One perhaps needs a bird’s-eye view to understand the wave of transformation setting into India’s real estate sector. Caught amid a rough sea of new reforms, the industry has begun showing intent to steer the ship back into normality.

At the same time the market is grappling with the absence of stimulus to nurture mainstream demand. However, the new paradigm of transparency and consolidation achieved in the process should pave the way for a healthy momentum in attracting global capital.

At the end of 2017, India’s residential sector appears to have shrunk to a fraction of its size in less than a decade. Eight key cities — including metros and some promising Tier 2 centres — collectively saw just over 100,000 new residential units enter the market.

Similarly, sales volumes were restricted to 228,000 units, a fragment of its scale in the recent past. While the market has been on a steady decline, the past 12-odd months were an acid test for the sector.

Nevertheless, the near standstill triggered by demonetisation seems to have tapered. Stakeholders also appear to be growing in confidence with the gradual acceptance of structural reforms such as the Real Estate (Regulation and Development) Act, 2016.

The industry, however, is still grappling to navigate its way through the new tax regime post the introduction of the Goods and Services Act (GST). Select markets wherein the RERA has matured have witnessed developers relaunch projects at attractive prices, which has led to an uptick in sales. The strategic switch in developers’ approach has led to a price reduction is most markets. This is an unprecedented trend in Indian realty.

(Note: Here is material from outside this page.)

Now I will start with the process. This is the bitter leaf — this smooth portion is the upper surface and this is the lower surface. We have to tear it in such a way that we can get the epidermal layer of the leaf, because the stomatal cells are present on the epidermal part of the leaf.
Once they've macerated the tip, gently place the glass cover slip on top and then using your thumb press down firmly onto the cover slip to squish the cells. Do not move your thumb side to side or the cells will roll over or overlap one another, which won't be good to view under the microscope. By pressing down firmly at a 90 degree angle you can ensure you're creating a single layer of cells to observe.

The new order is also opening new pathways for growth. For instance, a metamorphosis is taking shape in India’s warehousing, manufacturing and logistics sectors. Driven by structural reforms such as the single tax regime and the more recent acceptance of the logistics industry in the infrastructure fold has catapulted the scope of the sector by astronomical proportions.

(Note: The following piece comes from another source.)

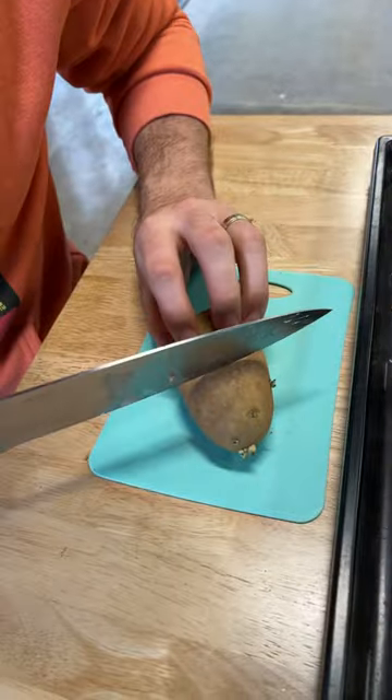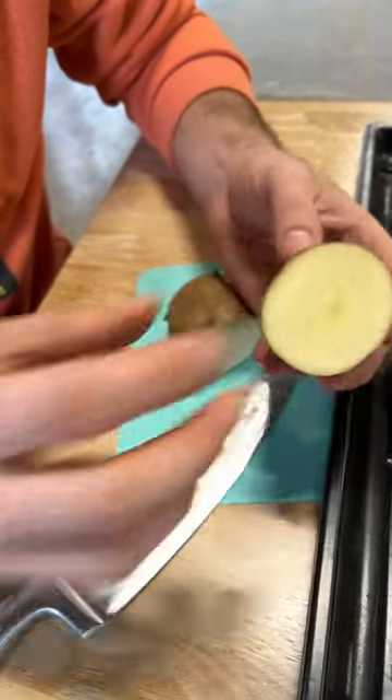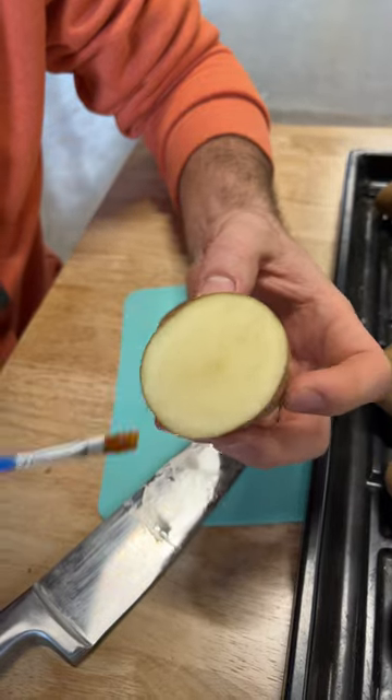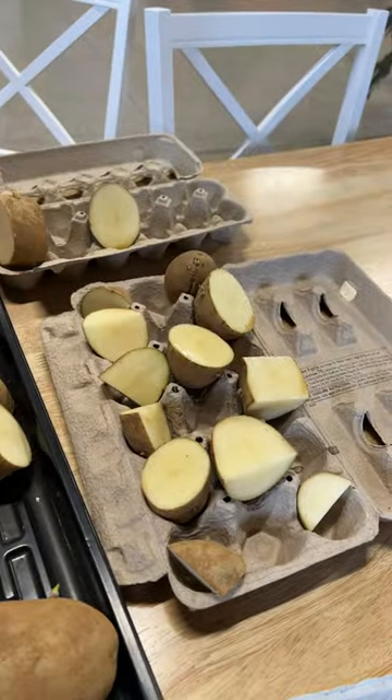Ideally you want to go for a spot that has about two to three eyes per potato. Then we're going to simply sterilize that cut with some honey. That's going to reduce any bacteria or mold. And then we're going to put it in a place to dry for about two weeks before we plant it in the garden.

The ease of picking up longer term capital at a lower cost would bolster growth to newer highs. Nearly four dozen economic corridors and 24-odd multimodal logistic parks have hit the drawing board. Thoughtfully linked to national highways, these government-backed developments would be like never-seen-before freight aggregation hubs with an end-to-end spread of warehousing, cold storage and similar facilities At the same time investments worth billions of dollars are pouring in. One of the leading developers has rolled out a five-year capex commitment of a staggering Rs100 billion.

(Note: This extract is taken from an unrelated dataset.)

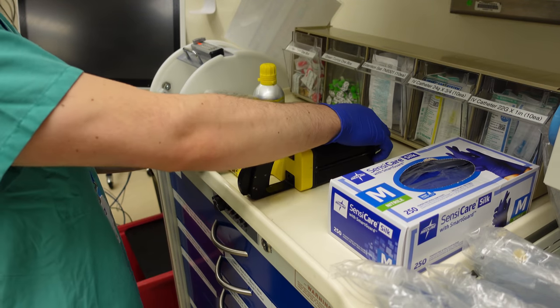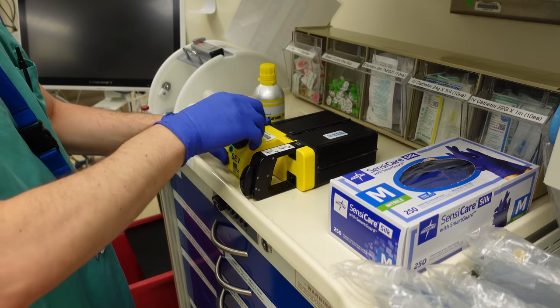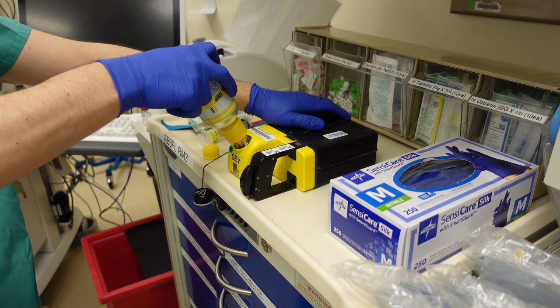The last part of my drug setup is topping off my volatile gas cartridge. Pediatric patients can go through a lot of volatile gas, so it's important to make sure this is ready to go.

The potential assumes greater relevance when we look at other asset classes in Indian real estate. The office leasing market has maintained strong fundamentals although expansion concern for the turbulence-hit tech sector is still prevalent. Further, the struggle for new office blocks appears to be unceasing in the near future.

Driven by manufacturing and e-commerce, warehousing space is projected to touch 839 million square feet by 2020 with a growth rate of 8 per cent across seven top markets in the country. Going forward, the government’s emphasis on housing and its efforts to mitigate risks though structural reforms is gradually building confidence in consumers and big market stakeholders such as institutional funds.

A number of these investors have made changes to the portfolio allocation strategy, allowing investment exposure to Indian real estate. The pension and private equity funds are investing in commercial assets and also in under-construction residential properties.

There is also an uptick in capital movement aboard in form of overseas residences. Traditionally, the desire for an overseas home in India has been largely driven by fascination for exotic locations or as a safe shelter for children studying aboard. But today, resident Indians investing in residential properties overseas are mostly doing so as sound investments.

After Moody’s and Standard & Poor’s ratings, Fitch Ratings has also backed India. Fitch Ratings has put India on top of its list of countries with growth potential. The recognition is an endorsement of the structural resilience in our macroeconomic architecture.

According to the “Global Economic Prospect Report, June 2018” of The World Bank, the economy is expected to grow 7.3 per cent this year and by 7.5 per cent in the next two. The expected stellar performance will make it the fastest growing economy in the world.

The overall resurrection of the real estate sector would depend upon the long – term impact and benefits of structural reforms brought into the sector over the past 12-odd months.

Shishir Baijal is Chairman & Managing Director, Knight Frank India.